Der Feldhamster ist vom Aussterben bedroht: Woran liegt‘s?

Putzige Knopfaugen, ein schwarzes Lätzchen und ganz und gar niedlich: Doch die Population der Feldhamster geht immer mehr zurück.

99 Prozent weniger Feldhamster gibt es seit den 1950-er Jahren. Das ist jedenfalls das Ergebnis einer Untersuchung von Wissenschaftlerin Stefanie Monecke von der Ludwig-Maximilians-Universität München. Wie der NDR berichtet, war die Biologin mehr als 15 Jahre lang hauptverantwortlich für die Feldhamsterzuchten der Universitäten Stuttgart und Strasbourg zuständig und sagt laut Naturschutzbund (NABU): „Aktuell befindet sich die Art im Prozess des Aussterbens.“

Feldhamster auf der Roten Liste

In der EU ist die Art seit den 1990er-Jahren geschützt, seit 2020 steht der kleine Nager auch auf der weltweiten Roten Liste in der höchsten Kategorie. Damit gilt er auch offiziell als unmittelbar vom Aussterben bedroht. In Niedersachsen einst weit verbreitet, besiedelt der Feldhamster heute fast nur noch die fruchtbaren Böden der Braunschweiger, Hildesheimer und Calenberger Börde, so das Projekt „Feldhamsterland“. Dessen Ziel ist es, den dramatischen Rückgang des Feldhamsters in fünf Projektregionen (Hessen, Niedersachsen, Rheinland-Pfalz, Sachsen-Anhalt und Thüringen) aufzuhalten. Denn laut NABU könnten Feldhamster in 30 Jahren endgültig verschwunden sein.
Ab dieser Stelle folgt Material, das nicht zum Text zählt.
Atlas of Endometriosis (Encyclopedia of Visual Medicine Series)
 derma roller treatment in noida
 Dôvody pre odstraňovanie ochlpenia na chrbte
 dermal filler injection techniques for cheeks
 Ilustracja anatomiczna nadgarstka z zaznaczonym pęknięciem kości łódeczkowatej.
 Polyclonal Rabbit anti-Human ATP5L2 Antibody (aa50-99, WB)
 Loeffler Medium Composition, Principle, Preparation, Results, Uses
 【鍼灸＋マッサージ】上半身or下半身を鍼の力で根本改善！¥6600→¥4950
Wintervorrat geht zur Neige

Vor Tausenden Jahren noch in den weiten Steppen im Osten heimisch, haben sich Feldhamster parallel zur sich ausbreitenden Landwirtschaft nach und nach auf Getreidefelder spezialisiert, so der NDR weiter. Hier finden sie Schutz und Nahrung. Doch große Äcker mit Mais und Raps auf riesigen Flächen machen es dem Nagetier schwer. Denn für ihren Winterschlaf, den sie regelmäßig alle paar Tage unterbrechen, um zu fressen, legen sie eigentlich gern neben Getreide auch Wildkrautsamen, Hülsenfrüchte sowie Stücke von Rüben und Kartoffeln an.

Igel im Laub

Frühe Ernte lässt Feldhamster ohne Deckung zurück

Ein weiterer Grund für den Rückgang der Population ist laut NABU die häufigere Saat von schnellreifenden Getreidevarianten. Das führe zu früheren Ernten, sodass Feldhamster oft schon im Juli ohne Deckung vor Räubern dastünden - also lange vor dem Winterschlaf im Oktober. Fressfeinde wie Uhu, Rotmilan und Mäusebussard hätten dann leichtes Spiel. Zudem bleibe durch die heutigen Erntemaschinen für den Hamster nahezu kein Futter mehr übrig, das er als Wintervorrat ansammeln könnte, schreibt das Bundesamt für Naturschutz.

Feldhamster auf einem Feld

Feldhamster: Fortpflanzungsrate sinkt drastisch

Fatal für die Population der Feldhamster sei zudem die zunehmende Zersiedelung: Wo Gebäude und Straßen entstehen, verkleinere sich der Lebensraum für den Nager. Sogar die Aufforstung sorge für einen Verlust von Lebensräumen, schreibt das Bundesamt für Naturschutz. „Eine gesunde, sich selbst erhaltende Population mit fünf bis acht Individuen pro Hektar benötigt mindestens 20 Hektar unzerschnittene Feldfläche“, zitiert der NABU die Wissenschaftlerin Stefanie Monecke aus München. Kleinere Populationen litten unter Inzucht und genetischer Verarmung.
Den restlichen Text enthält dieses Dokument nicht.